You would want to look at the specs for any cartridge and select a cartridge which meets the minimum voltage requirements for your phono stage's MC input but which never exceeded the maximum input voltage. Keep in mind most phono stages are rather vague about how much gain is supplied by the moving coil step up device itself and how much gain is coming from the phono stage alone as these are two discrete gain stages which cascade one into the other when the "MC" input is selected. Until rather recently the phono pre amp stage was one component and the MC step up device was another. The phono pre amp proper was responsible for both gain and correct RIAA equalization while the step up device only supplied signal gain. (Some phono stages also fed into the line stage of the pre amp to have more total gain within the circuit.) Now the step up device and the phono pre amp stage are more commonly paired together as one convenient, but overall less flexible, component. Of course, until the mid 1980's such things as "high output" moving coils didn't exist at all. If you purchased a moving coil cartridge in 1979, say, a Denon 103, you knew you had a low outut cartridge and you could rather easily come up with a step up circuit or a transformer which would match your cartridge's output to most conventional moving magnet phono stages. Most often in those days a MC cartridge manufacturer would also retail their own step up devices matched to their cartridges. This made it relatively easy to match a cartridge, a gain stage and a phono circuit which would be acceptable through most systems.

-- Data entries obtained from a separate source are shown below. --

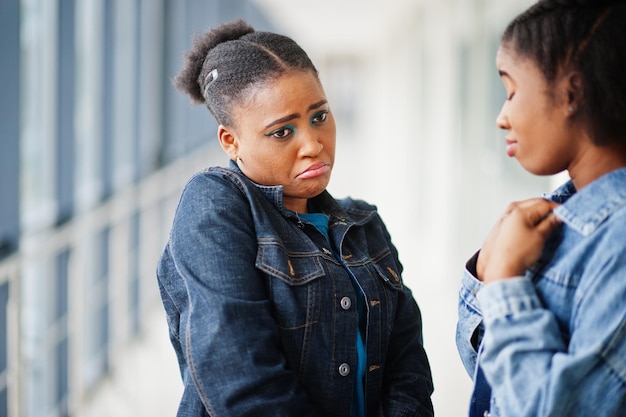 Two african woman friends with sad faces in jeans jacket posed indoor together.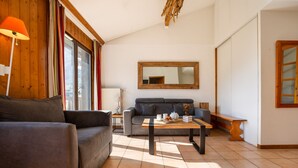 A modern living room with a sofa, a coffee table, and a couch. There is a window with curtains, a mirror on the wall, and a wooden bench. - Apt CourmayeurC44 w/MontBlanc view Parking, Chamonix, France (Chamonix)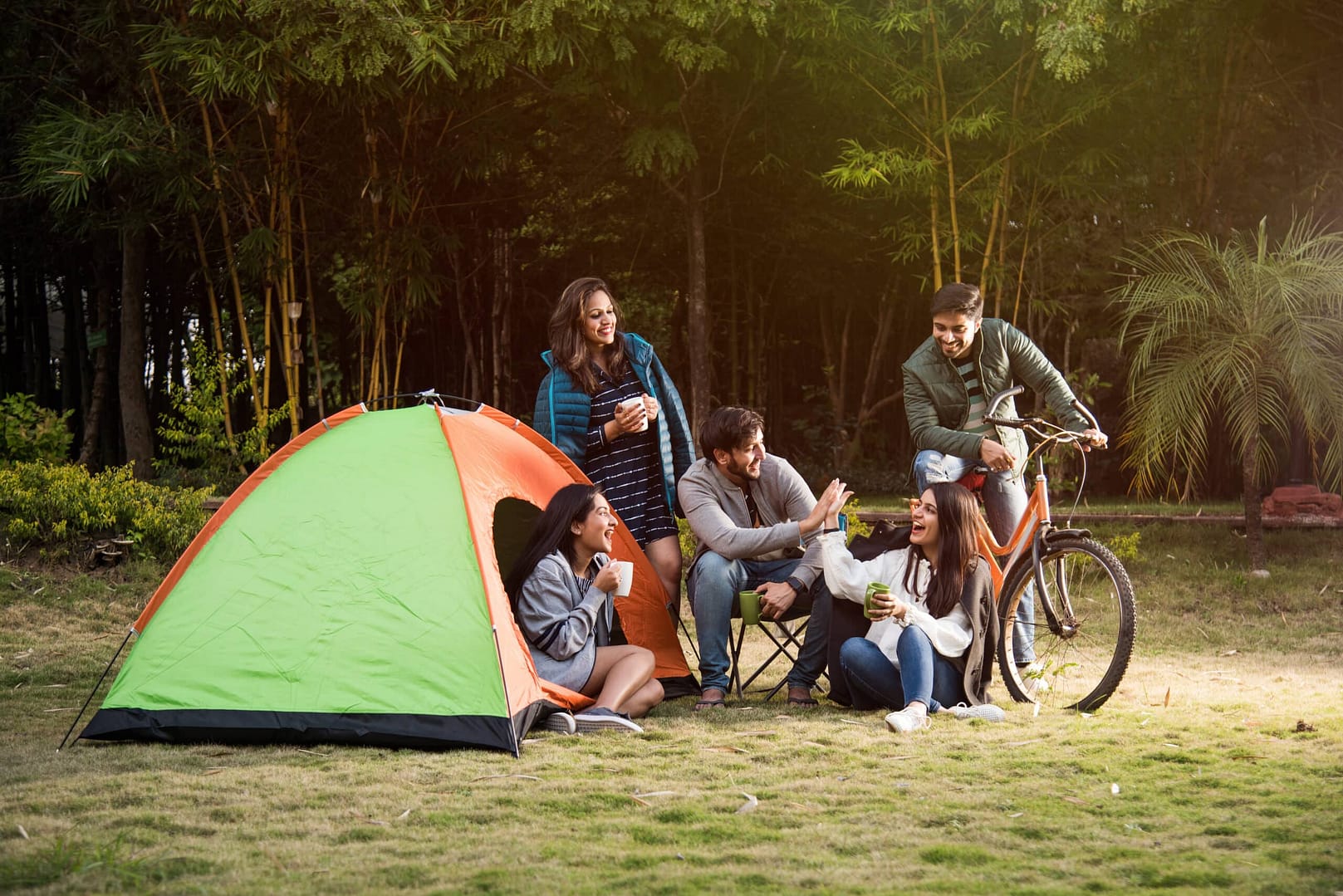 A group of people camping around a tent in Delhi.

Just to get further into the weeds for a moment, all of this happening at the front of the system still relies on adequate matching of gain stages throughout the system plus the electrical sensitivity of the speakers, the size of the room, the trim of the volume/gain controls along with the sort of music preferences the listener might have and whether they required "lifelike" concert hall volume levels through their playback system. The somewhat ubiquitous low sensitivity (82-84dB) speakers which populated the market through the '60's, '70's and '80's made system matching - when it comes to gain stages - a bit more difficult than it is today. Low output moving coils running through lower gain phono stages than you can find in today's improved devices would, on occasion, simply fail to reach acceptable levels for those who demanded first row volume levels when they put on Mahler's Fourth.



If you're still with me by this point, one more pertinent issue raised by HO moving coils is the required cartridge loading provided by the step up device. Manufacturers have come to some degree of standardization in regards to this spec but the average low output MC will sound best when it is loaded down well beneath the 47kOhm average for moving magnets. (A few low output MC's will sound best at loadings as low as 100 Ohms.) I suspect most of today's HO MC's will work well into the typical loading of any high quality phono stage but it would certainly be worth the time to check the specs - or even give the manufactuters of the cartridge and the step up device a call - to determine whether a specific high output moving coil has been designed with any unsual loading requirements in mind. Properly loading the cartridge is as important, if not more so, than properly matching your amplifier's capacities to your speakers. If the loading isn't correct for a specific cartridge, frequency response and dynamic range will be compromised. It would be a shame, though a fairly common mistake, to spend a good chunk of cash on a high quality analog set up only to have it be compromised by such a simple error as incorrect cartridge loading. Most cartridge spec sheets suggest the proper impedance loading for a moving coil whether it is high or low output. (Moving coils are typically unaffected by capacitive loading though a few oddballs might still exist where this spec is also important.) If your step up device doesn't mention adjustable cartridge loading, you can usually assume it has been set to approximately 47kOhms to work with a moving magnet input. The difference in sound quality between correct and incorrect loading, however, is well worth the few minutes it should take to check.